Copy out the lines beginning at the one with "426 E 10th St - Photo 4 of 45" and ending at the last line of the data, both included; pictures stay out.
------ Data
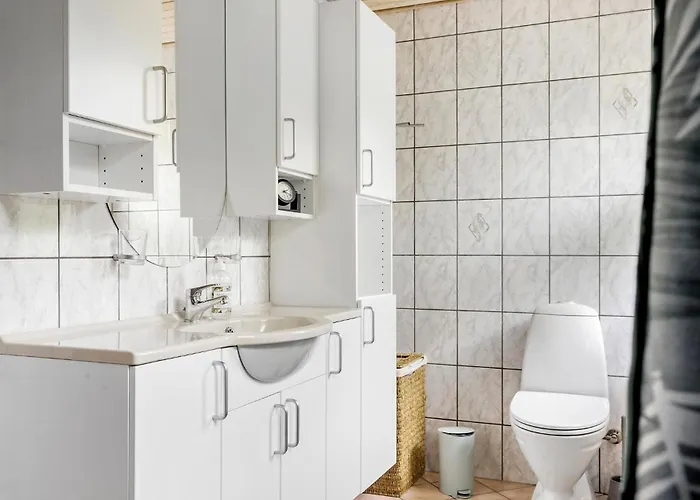 3 Bedroom Beautiful In Casa de Férias Ringkøbing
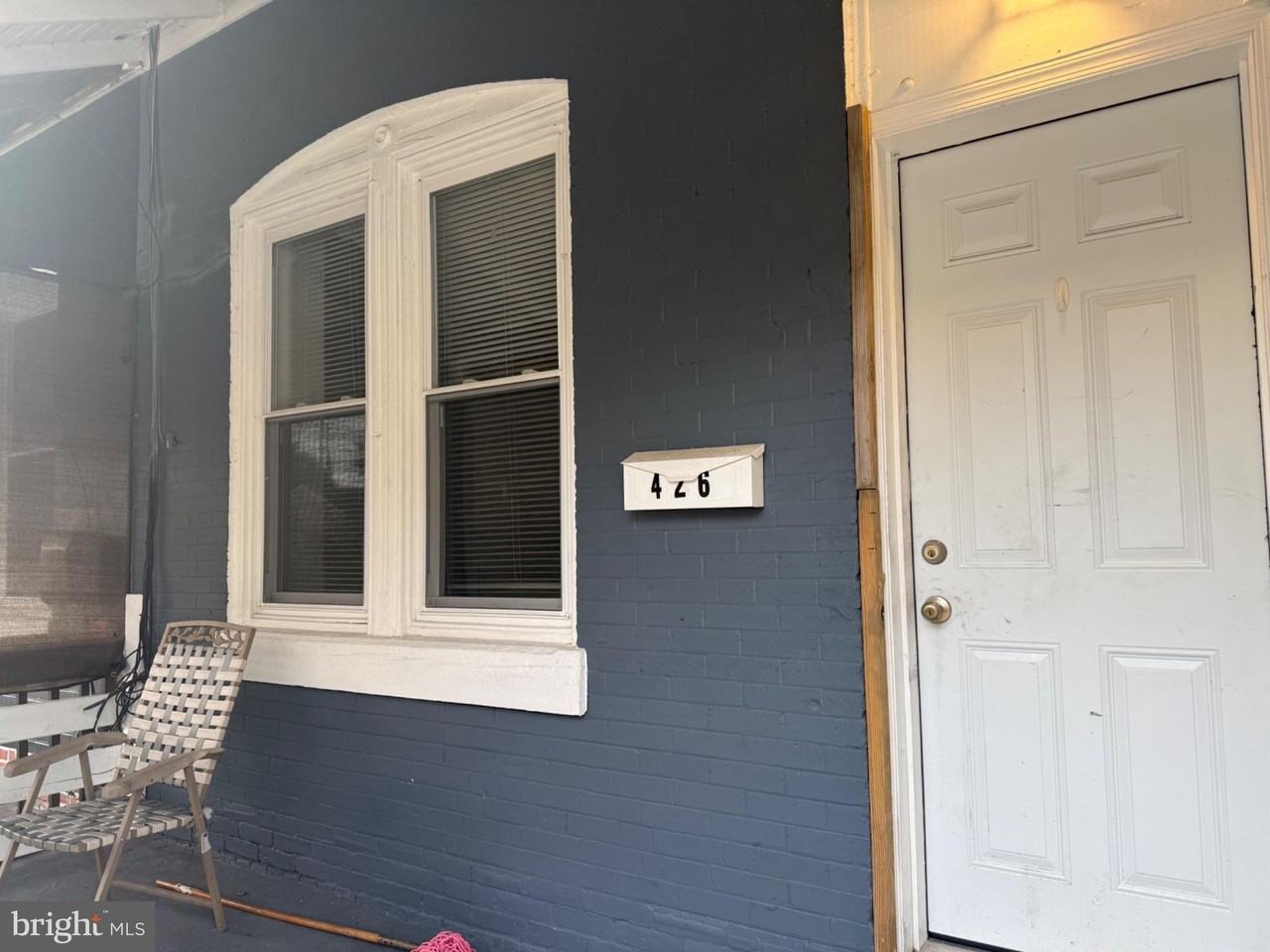 426 E 10th St - Photo 4 of 45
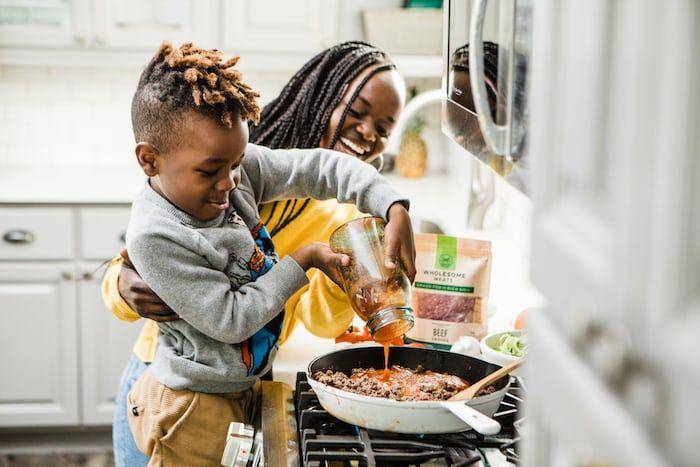 ilustrasi anak kecil memasak (unsplash.com/Beooke Lark)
------------
## The answer
 426 E 10th St - Photo 4 of 45
 ilustrasi anak kecil memasak (unsplash.com/Beooke Lark)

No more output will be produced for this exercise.